Another quarter, another post-earnings spike for stockholders of lululemon athletica (NASDAQ:LULU). Unlike last quarter's solid beat on both the top and bottom lines, however, lululemon's results were technically mixed this time around.
Nonetheless, shares of the yoga apparel specialist jumped more than 10% early today after it announced that third-quarter revenue climbed 10% year over year, to $419.4 million. That figure was bolstered by 3% growth in total comparable-store sales, including a 27% spike in direct-to-consumer revenue. Meanwhile, lululemon's earnings per share declined roughly 7% to $0.42, aided by its expenditure of almost $73 million to repurchase 1.8 million shares of common stock during the quarter. Analysts had expected lululemon to achieve lower earnings of $0.38 per share, but on slightly higher revenue of $424.8 million.
For the current quarter, lululemon expects low single-digit growth in comps to result in net revenue of $570 million to $585 million, along with earnings per share in the range of $0.65 to $0.69. The midpoint of both ranges sits below Wall Street's expectations for fiscal fourth-quarter earnings of $0.72 per share and sales of $593.5 million.
On one hand, that meant lululemon also had to lower its full fiscal 2014 revenue guidance to a range of $1.765 billion to $1.780 billion, compared to its previous guidance for $1.780 billion to $1.800 billion. On the other hand, it simultaneously boosted its full-year guidance for earnings per share to a range of $1.53 to $1.57, or $1.74 to $1.78 accounting for a nonrecurring tax adjustment from early this year from the repatriation of foreign earnings to fund the share repurchase program. Previously, lululemon projected those two per-share earnings ranges to be $1.51 to $1.56, and $1.72 to $1.77, respectively. Analysts, on average, had modeled 2014 revenue of $1.79 billion and earnings of $1.77 per share, both of which are again above the midpoint of lululemon's guidance.
Why investors are rejoicing
Apart from lululemon's strength in third-quarter earnings, it initially doesn't seem there's much to like about this report. So why the 10% pop?
First, to explain its revenue weakness, lululemon pointed to a combination of West Coast port delays, a lower Canadian dollar, and delayed store openings. Nothing here raises significant red flags relating to problems underlying lululemon's actual business. That's a great thing, considering the slew of challenges lululemon has worked to overcome, from buttoning up its supply chain after last year's massive black Luon bottoms recall, to resolving a potential proxy battle with its brash, outspoken founder and now-former chairman, Chip Wilson.

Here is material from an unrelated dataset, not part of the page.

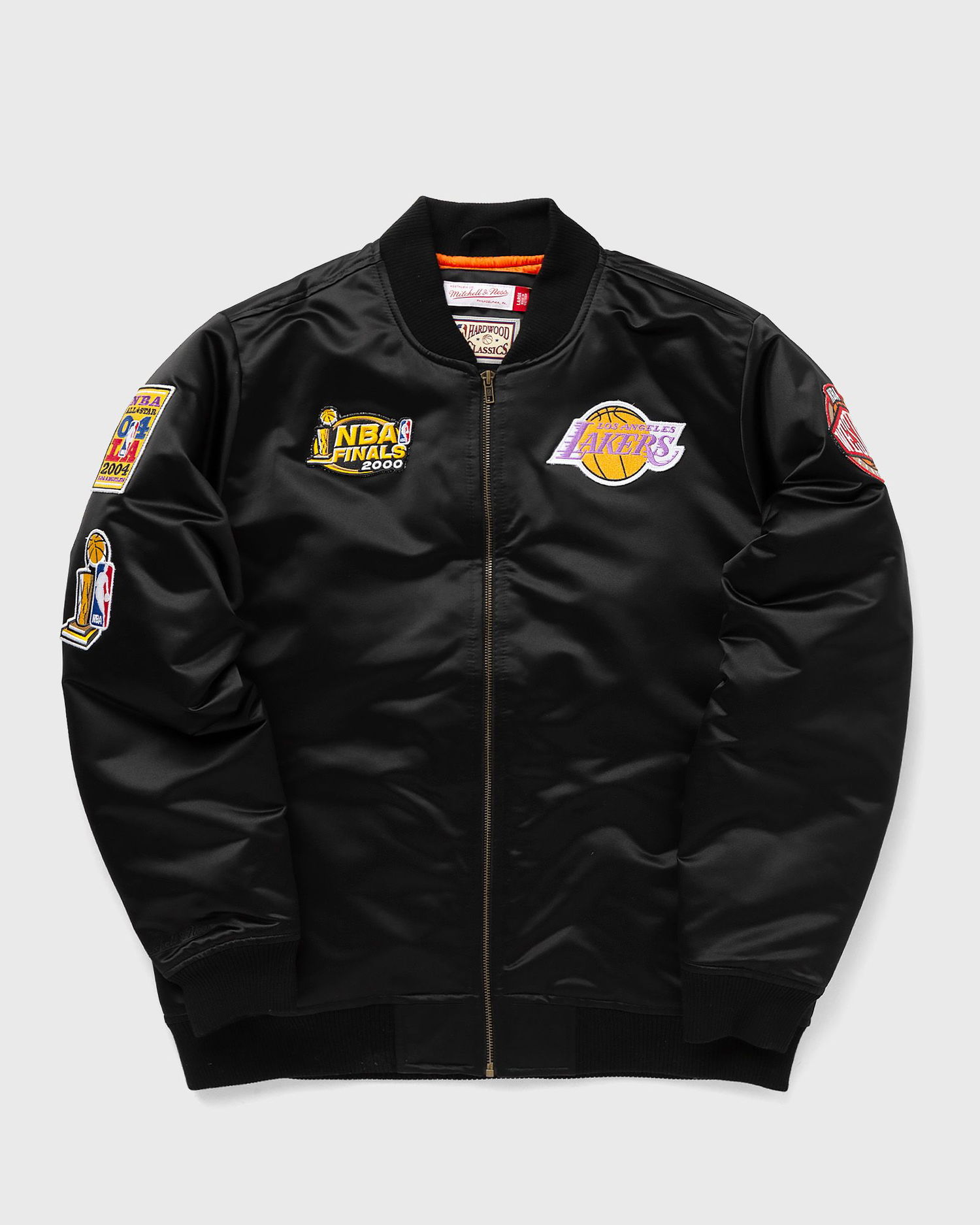 Яке бомбър Mitchell & Ness NBA SATIN BOMBER JACKET LOS ANGELES LAKERS Черно | OJZP5927-LALYYPPPBLCK, 0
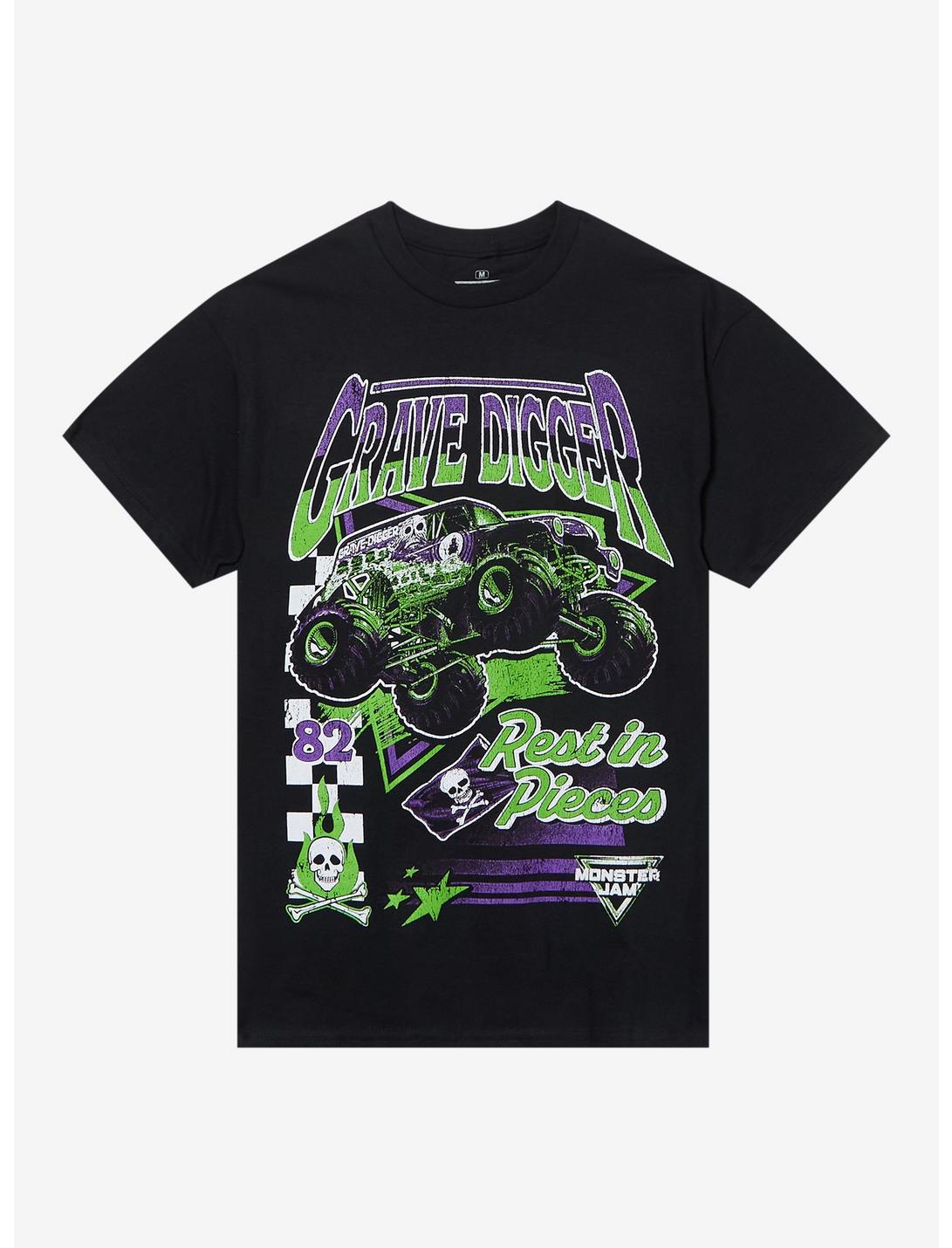 Monster Jam Grave Digger Rest In Pieces T-Shirt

In addition, while lululemon's 3% comparable-store sales growth seems modest, it's a marked sequential improvement over last quarter's flat comps. For the first three quarters of the year, total comparable-store sales growth sits at roughly 1%.
"I am pleased that our third quarter results demonstrated sequential improvements as the quarter progressed," said lululemon CEO Laurent Potdevin in a press release, "with all key facets of our business-brand, guest experience, and product - contributing to our momentum."
Next, lululemon shareholders have grown accustomed to receiving stubbornly light guidance from the company. That has the been the case for each of its past three quarters, during which management placed outsized emphasis on using 2014 as an "investment year" to build a stable foundation for profitable worldwide growth. Again, given lululemon's past challenges, investors are right to be happy that the guidance shows even a little progress toward achieving that goal.
In the end, as long as lululuemon continues taking steps in the right direction given its already solidly profitable business, I'm happy to continue holding tight to my shares.